< Previous by Date Date Index Next by Date >
  Thread Index  

[reSIProcate-announce] reSIProcate and the OpenSSL "heartbleed" attack



Most people have probably already heard about the OpenSSL "heartbleed"
bug.  It is a critical security vulnerability for TLS users.  It is
CVE-2014-0160

In future, alerts of this type will only be sent to the new
resiprocate-announce mailing list.  Please make sure you are subscribed,
it is fully moderated to ensure that only important/essential emails appear:
http://list.resiprocate.org/mailman/listinfo/resiprocate-announce

For people using official packages on a stable Linux distribution, it
should be possible to secure your SIP and TURN services using the
procedure below.  The distribution maintainers have already updated the
SSL libraries and the package management tool (apt, yum, ...) should
install it automatically.

* make sure your package manager is configured to get security updates
(e.g. check /etc/apt/sources.list on Debian, does it contain
security.debian.org?)
* update the libssl package (e.g.
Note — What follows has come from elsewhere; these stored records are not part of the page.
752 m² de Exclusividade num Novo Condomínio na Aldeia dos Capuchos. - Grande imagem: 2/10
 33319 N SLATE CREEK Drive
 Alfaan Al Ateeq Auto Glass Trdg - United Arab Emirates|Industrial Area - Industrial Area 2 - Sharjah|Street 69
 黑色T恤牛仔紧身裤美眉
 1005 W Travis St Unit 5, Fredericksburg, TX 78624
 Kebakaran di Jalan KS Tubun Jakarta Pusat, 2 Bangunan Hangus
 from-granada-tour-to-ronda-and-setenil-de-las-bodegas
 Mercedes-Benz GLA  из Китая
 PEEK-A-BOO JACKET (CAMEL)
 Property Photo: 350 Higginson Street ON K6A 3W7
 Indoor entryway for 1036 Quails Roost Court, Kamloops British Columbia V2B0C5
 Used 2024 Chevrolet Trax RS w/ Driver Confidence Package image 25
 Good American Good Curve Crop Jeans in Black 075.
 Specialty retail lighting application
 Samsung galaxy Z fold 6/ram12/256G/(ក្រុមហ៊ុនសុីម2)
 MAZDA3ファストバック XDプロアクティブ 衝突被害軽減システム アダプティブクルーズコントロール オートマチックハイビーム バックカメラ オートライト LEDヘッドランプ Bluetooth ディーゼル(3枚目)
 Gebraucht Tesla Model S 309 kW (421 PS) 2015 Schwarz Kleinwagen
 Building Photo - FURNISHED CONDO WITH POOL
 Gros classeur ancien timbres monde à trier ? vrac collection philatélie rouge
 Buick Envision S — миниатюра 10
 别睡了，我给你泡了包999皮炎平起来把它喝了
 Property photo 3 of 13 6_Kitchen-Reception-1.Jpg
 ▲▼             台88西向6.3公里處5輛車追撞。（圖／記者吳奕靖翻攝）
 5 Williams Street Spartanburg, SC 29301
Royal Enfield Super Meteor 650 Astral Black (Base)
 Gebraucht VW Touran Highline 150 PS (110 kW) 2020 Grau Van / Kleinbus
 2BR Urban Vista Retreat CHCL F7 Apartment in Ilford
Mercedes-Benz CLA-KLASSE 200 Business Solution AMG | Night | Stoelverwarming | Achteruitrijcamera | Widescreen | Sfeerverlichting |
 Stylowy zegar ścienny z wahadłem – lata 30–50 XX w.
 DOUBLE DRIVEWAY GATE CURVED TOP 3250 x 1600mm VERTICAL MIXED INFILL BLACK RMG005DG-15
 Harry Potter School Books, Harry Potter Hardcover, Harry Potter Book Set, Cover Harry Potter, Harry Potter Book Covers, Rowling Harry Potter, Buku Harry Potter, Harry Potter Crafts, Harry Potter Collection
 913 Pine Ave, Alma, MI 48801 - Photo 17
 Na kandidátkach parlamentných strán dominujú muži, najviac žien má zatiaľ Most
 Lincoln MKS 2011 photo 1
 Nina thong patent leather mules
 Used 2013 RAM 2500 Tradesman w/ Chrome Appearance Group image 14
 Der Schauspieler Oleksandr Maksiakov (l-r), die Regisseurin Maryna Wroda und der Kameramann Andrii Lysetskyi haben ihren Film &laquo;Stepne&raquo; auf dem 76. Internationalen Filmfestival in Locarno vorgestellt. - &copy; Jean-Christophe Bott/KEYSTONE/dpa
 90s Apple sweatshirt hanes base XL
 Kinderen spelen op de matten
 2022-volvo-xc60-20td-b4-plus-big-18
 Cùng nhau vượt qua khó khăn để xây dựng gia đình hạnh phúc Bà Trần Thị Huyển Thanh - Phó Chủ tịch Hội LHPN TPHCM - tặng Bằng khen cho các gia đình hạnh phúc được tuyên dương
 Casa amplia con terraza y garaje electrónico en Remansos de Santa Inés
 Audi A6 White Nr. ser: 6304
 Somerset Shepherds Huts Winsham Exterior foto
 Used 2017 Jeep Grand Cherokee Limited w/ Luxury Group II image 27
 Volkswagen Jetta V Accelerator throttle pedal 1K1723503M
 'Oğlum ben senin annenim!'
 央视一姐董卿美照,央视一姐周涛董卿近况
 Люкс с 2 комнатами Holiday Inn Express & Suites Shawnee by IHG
Debian users can do "apt-get update &&
apt-get upgrade")
* stop the service (e.g. "service repro stop")
* create new key pair (PEM private key file)
* request a new certificate from the CA
* install the new private key and certificate PEM files over the top of
the told PEM files
* start the service again (e.g. "service repro start")

Do not create the new private key or CSR on a system where any service
is still running with the vulnerability.  Otherwise, your new key could
potentially be leaked before you have secured the server.